### Assignment
For this exercise, write out only the lines of the entries below from the one with "Who pays when" up to and including the one with "Tropical Fish Store", exactly as they are. Pictures stay out.

Supplied data section start

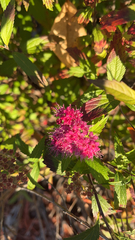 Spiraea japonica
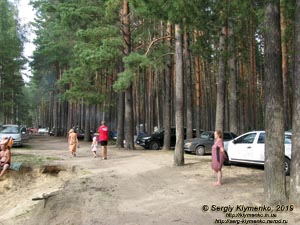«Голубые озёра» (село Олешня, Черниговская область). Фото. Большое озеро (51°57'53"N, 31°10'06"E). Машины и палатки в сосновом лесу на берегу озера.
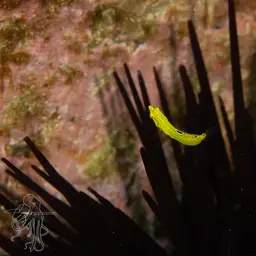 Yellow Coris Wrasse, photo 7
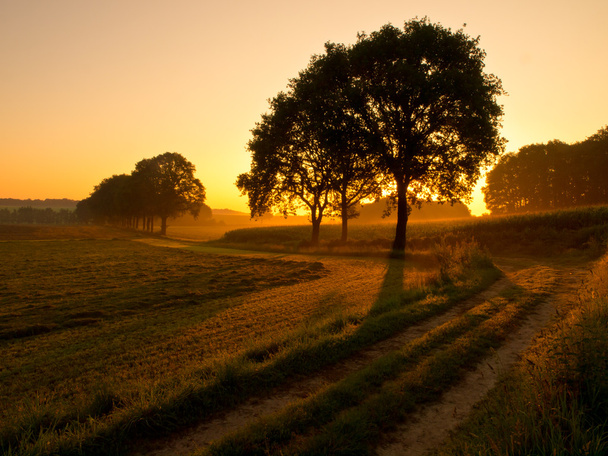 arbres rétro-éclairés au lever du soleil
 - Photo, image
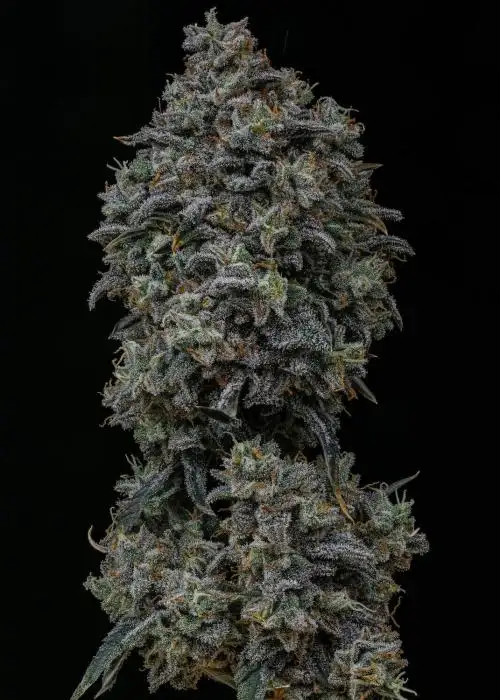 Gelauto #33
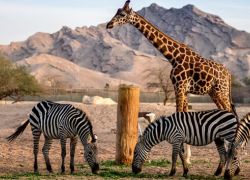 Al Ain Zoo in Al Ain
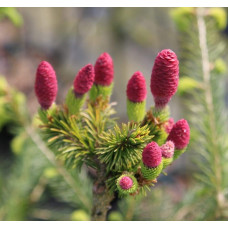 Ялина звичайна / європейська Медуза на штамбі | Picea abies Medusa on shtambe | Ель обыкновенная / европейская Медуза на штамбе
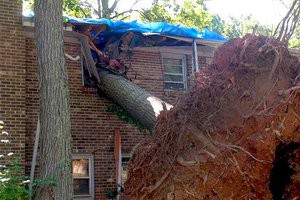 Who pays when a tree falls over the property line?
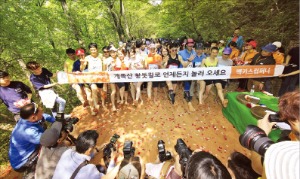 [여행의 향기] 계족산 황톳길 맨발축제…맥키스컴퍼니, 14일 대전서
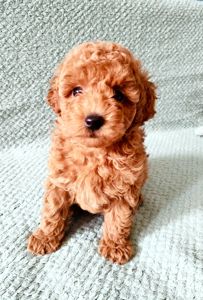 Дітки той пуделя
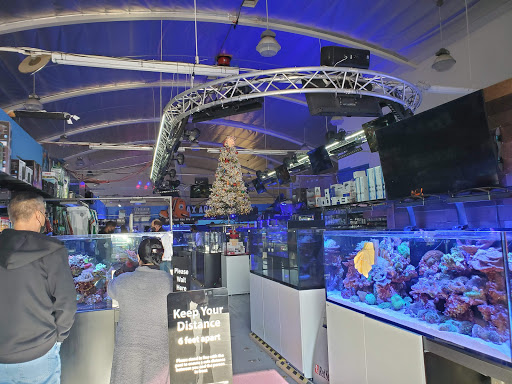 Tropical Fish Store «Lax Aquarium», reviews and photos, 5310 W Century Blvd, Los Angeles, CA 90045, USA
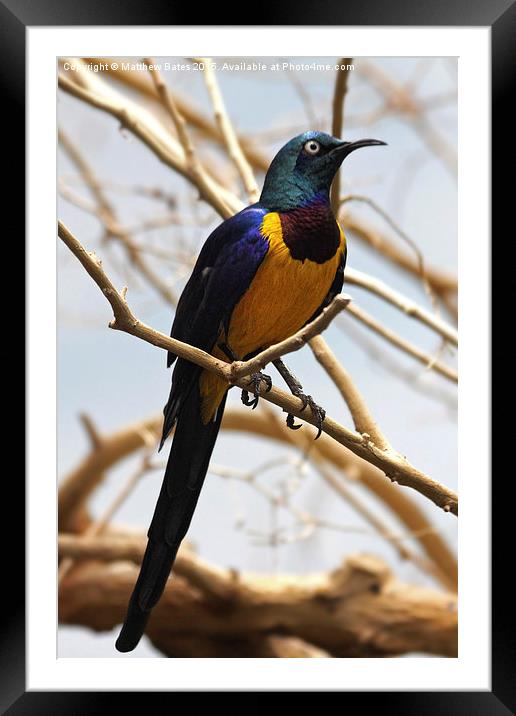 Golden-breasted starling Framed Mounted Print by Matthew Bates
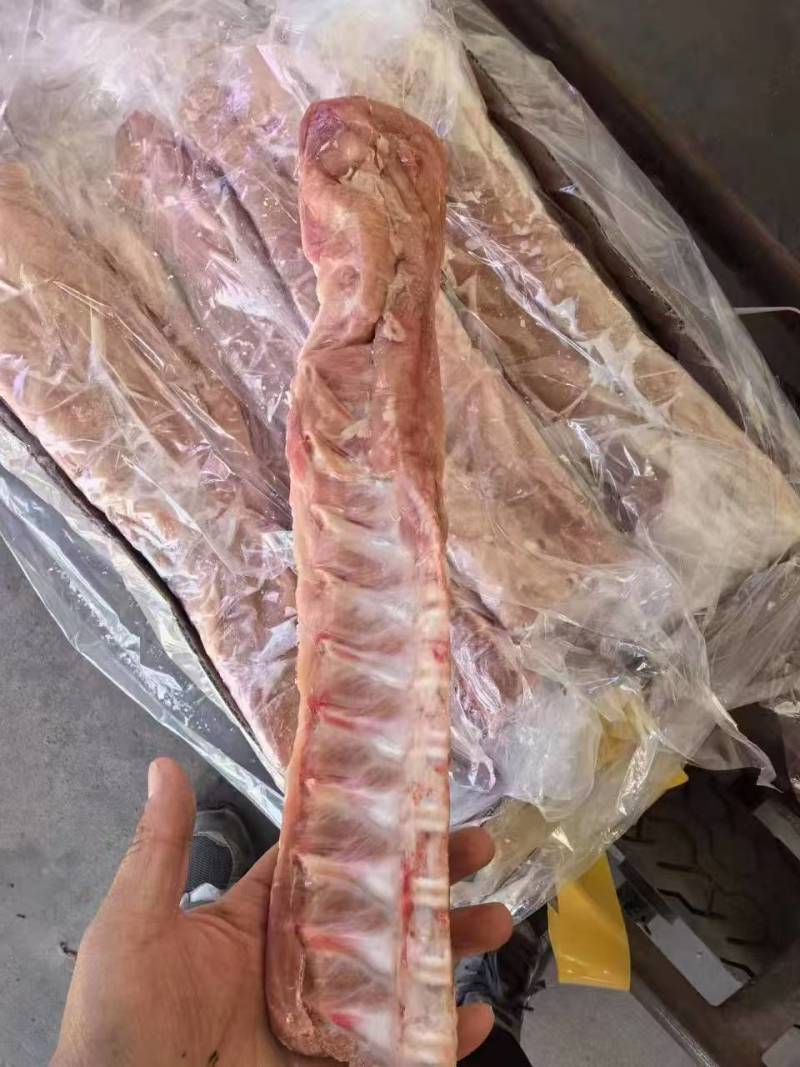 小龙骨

Supplied data section end
Supplied data section start

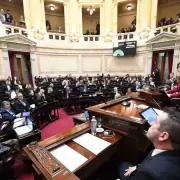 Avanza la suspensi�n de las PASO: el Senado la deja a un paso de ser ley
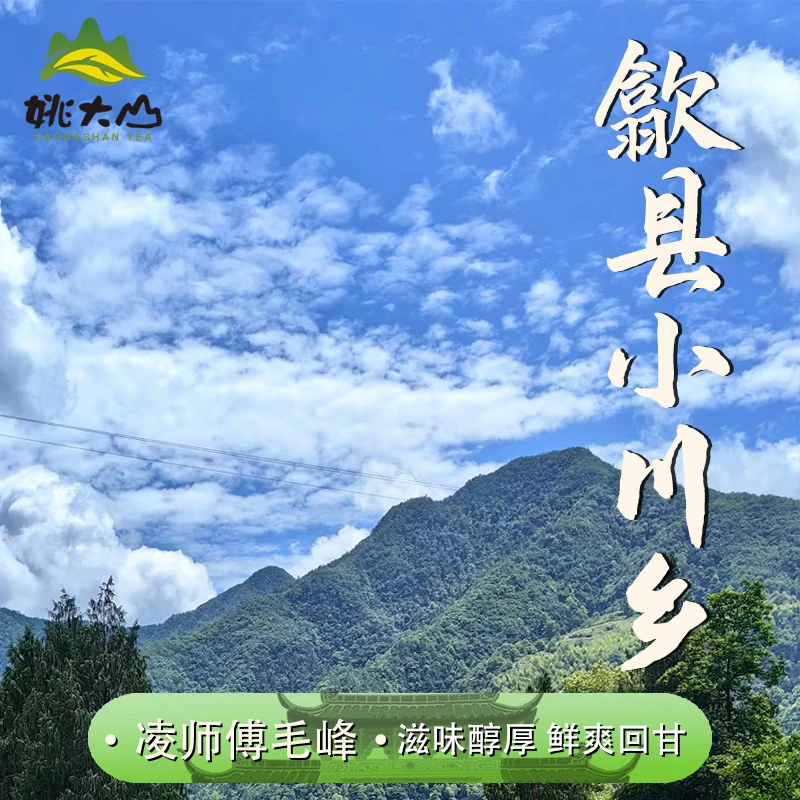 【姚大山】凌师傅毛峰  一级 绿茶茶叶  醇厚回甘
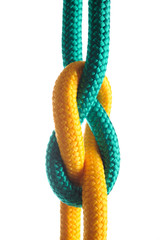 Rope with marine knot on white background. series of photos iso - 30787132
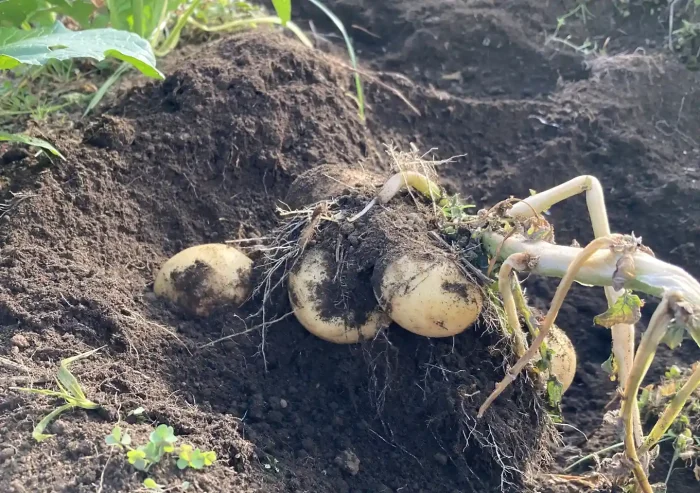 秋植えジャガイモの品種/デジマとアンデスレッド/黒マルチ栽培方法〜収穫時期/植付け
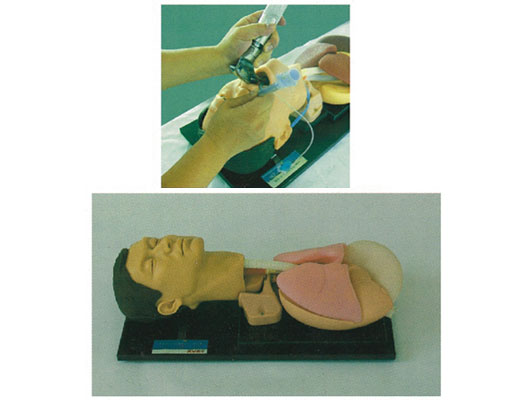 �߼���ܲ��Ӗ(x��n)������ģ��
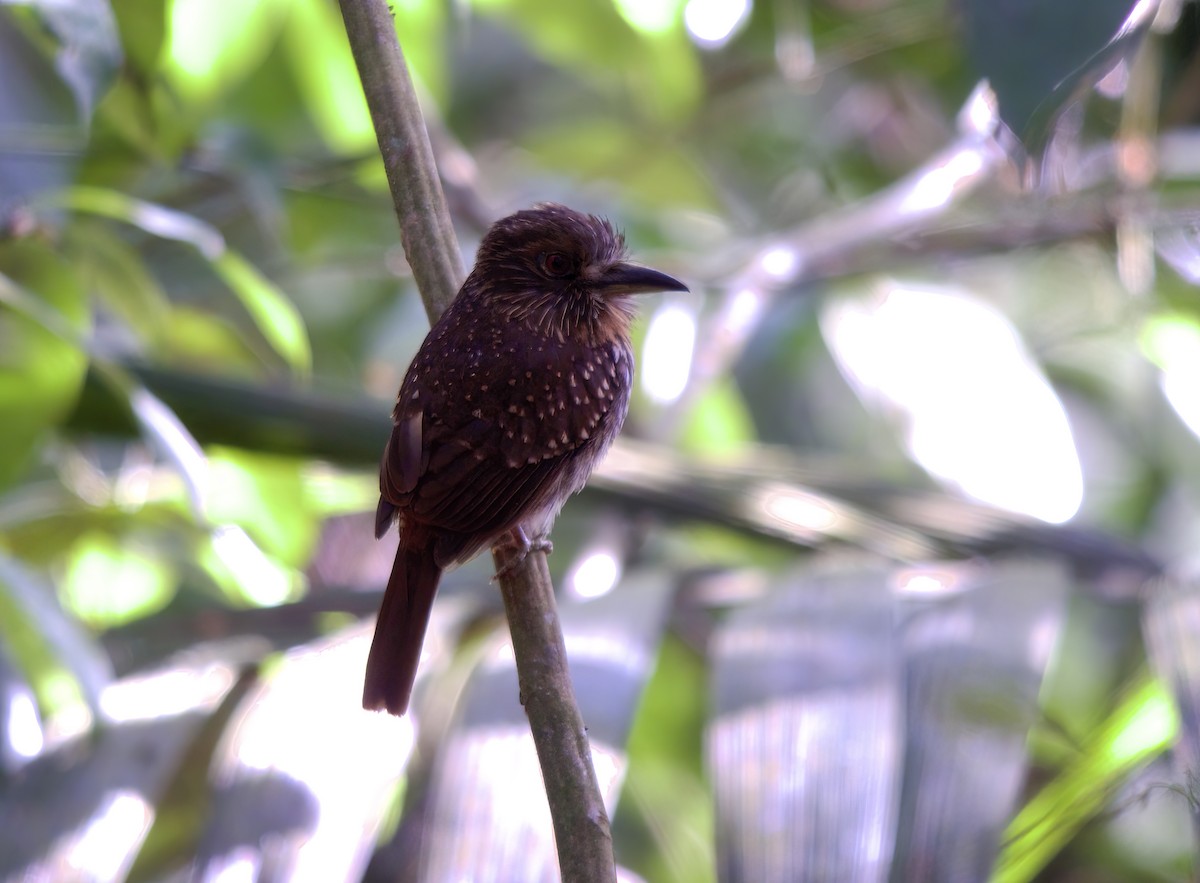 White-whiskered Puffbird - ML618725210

Supplied data section end

### Problem solution
 Who pays when a tree falls over the property line?
 [여행의 향기] 계족산 황톳길 맨발축제…맥키스컴퍼니, 14일 대전서
 Дітки той пуделя
 Tropical Fish Store «Lax Aquarium», reviews and photos, 5310 W Century Blvd, Los Angeles, CA 90045, USA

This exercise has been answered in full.